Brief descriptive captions

-.-.-

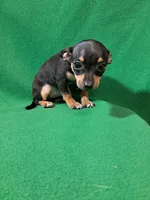 Raya, a female Chihuahua for sale in Branford, FL – Photo 3 of 6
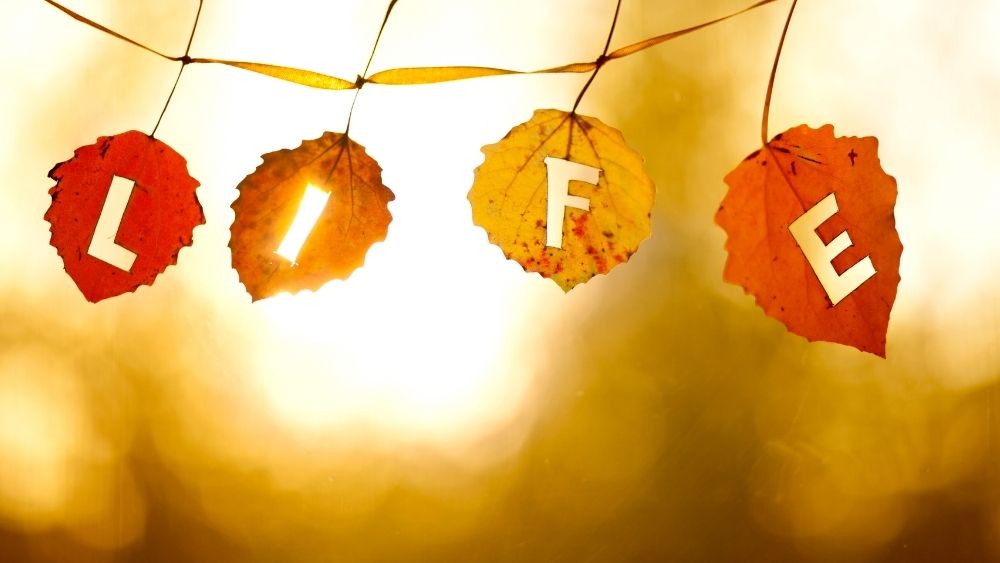 心理學如何幫助了我：享受美好人生的八堂生活課 心得分享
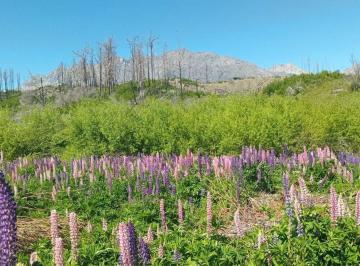Terreno · 3000m² · Tu Refugio en La Patagonia: Terreno de 3.000 m²
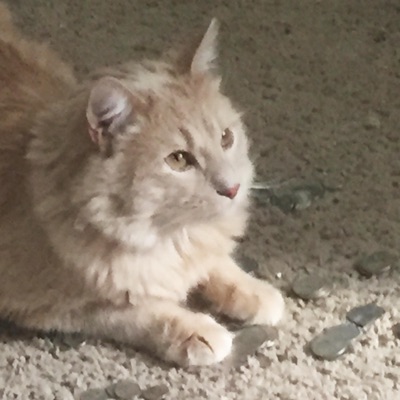 Low-budget High - EP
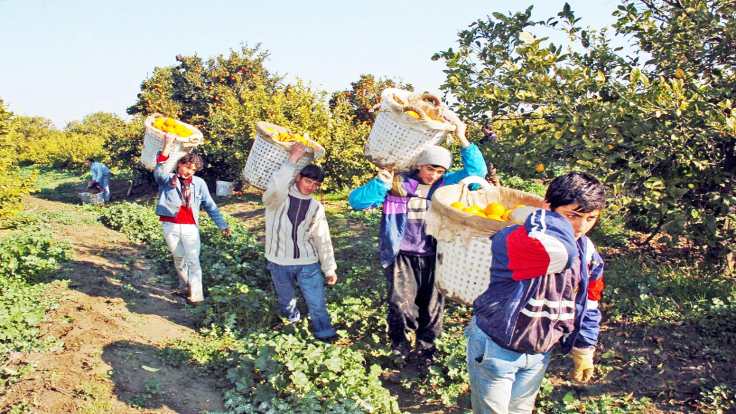 Manşetlerdekiler ‘başaran’ çocuk işçiler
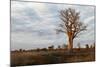 Young Baobab Tree-Michele Westmorland-Mounted Photographic Print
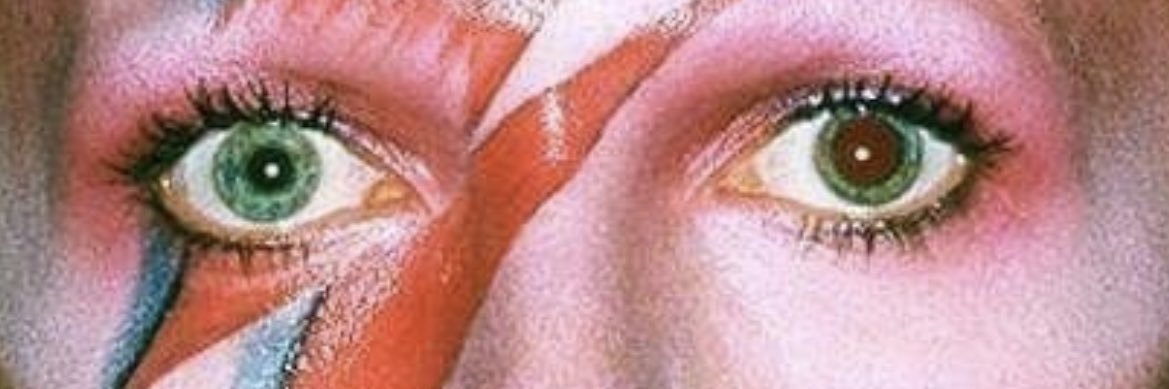 TraceyFoulis's profile banner image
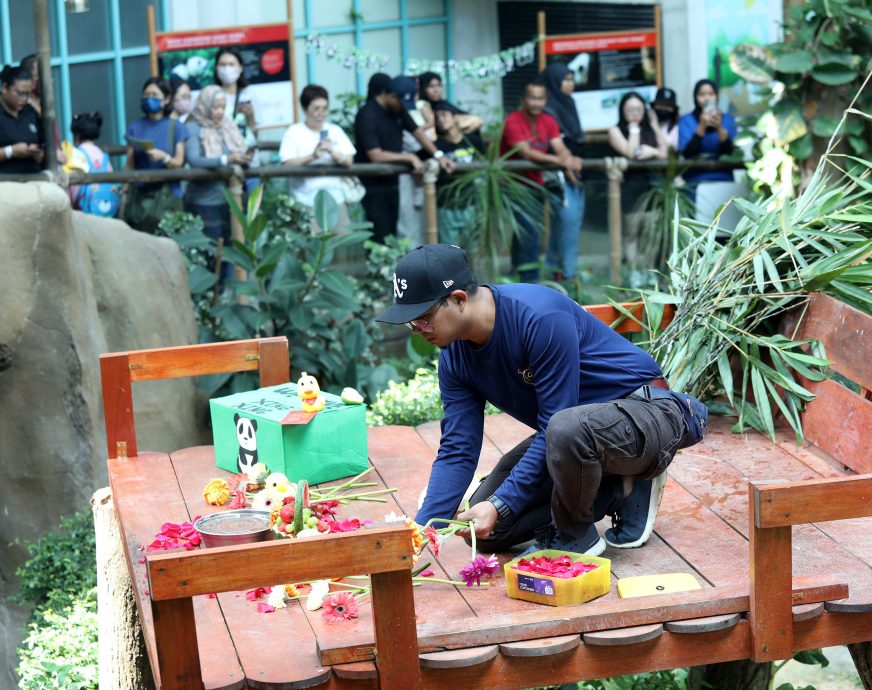 【完整】大熊猫生日:兴兴靓靓动物园办生日会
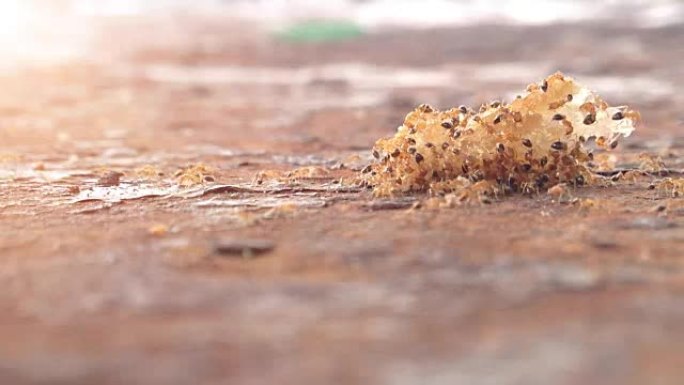 铁锈桌上有食物的蚂蚁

-.-.-

Directions →
Nothing but the lines from the one containing "心理學如何幫助了我：享受美好人生的八堂生活課 心得分享" through the end of the entries is to be retyped, exactly as written and without pictures.

Exercise response →
 心理學如何幫助了我：享受美好人生的八堂生活課 心得分享
Terreno · 3000m² · Tu Refugio en La Patagonia: Terreno de 3.000 m²
 Low-budget High - EP
 Manşetlerdekiler ‘başaran’ çocuk işçiler
 Young Baobab Tree-Michele Westmorland-Mounted Photographic Print
 TraceyFoulis's profile banner image
 【完整】大熊猫生日:兴兴靓靓动物园办生日会
 铁锈桌上有食物的蚂蚁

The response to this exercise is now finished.